DESCRIPTION OF THE TASK: After locating the line with "cover: Rini - Emerald" below, output it and each following line exactly, stopping after the line with "Precio de Fábrica, Bomba". No pictures.

THE RECORDS section start

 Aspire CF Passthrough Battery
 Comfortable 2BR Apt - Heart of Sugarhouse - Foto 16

THE RECORDS section end
THE RECORDS section start

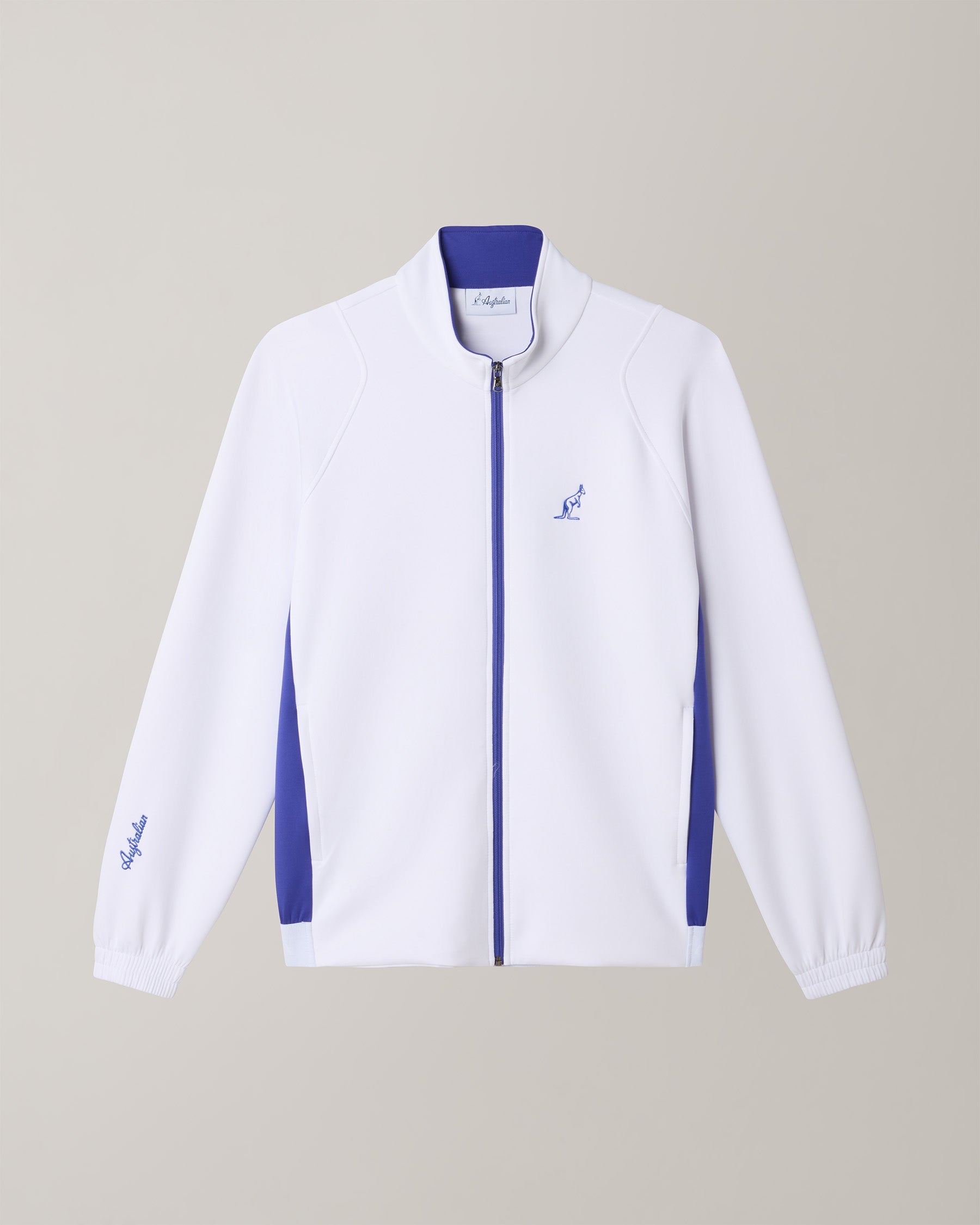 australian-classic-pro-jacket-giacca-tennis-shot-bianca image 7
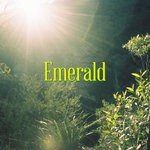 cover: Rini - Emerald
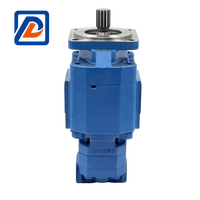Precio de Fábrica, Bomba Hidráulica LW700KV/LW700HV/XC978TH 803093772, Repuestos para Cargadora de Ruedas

THE RECORDS section end

WORKED SOLUTION:
 cover: Rini - Emerald
Precio de Fábrica, Bomba Hidráulica LW700KV/LW700HV/XC978TH 803093772, Repuestos para Cargadora de Ruedas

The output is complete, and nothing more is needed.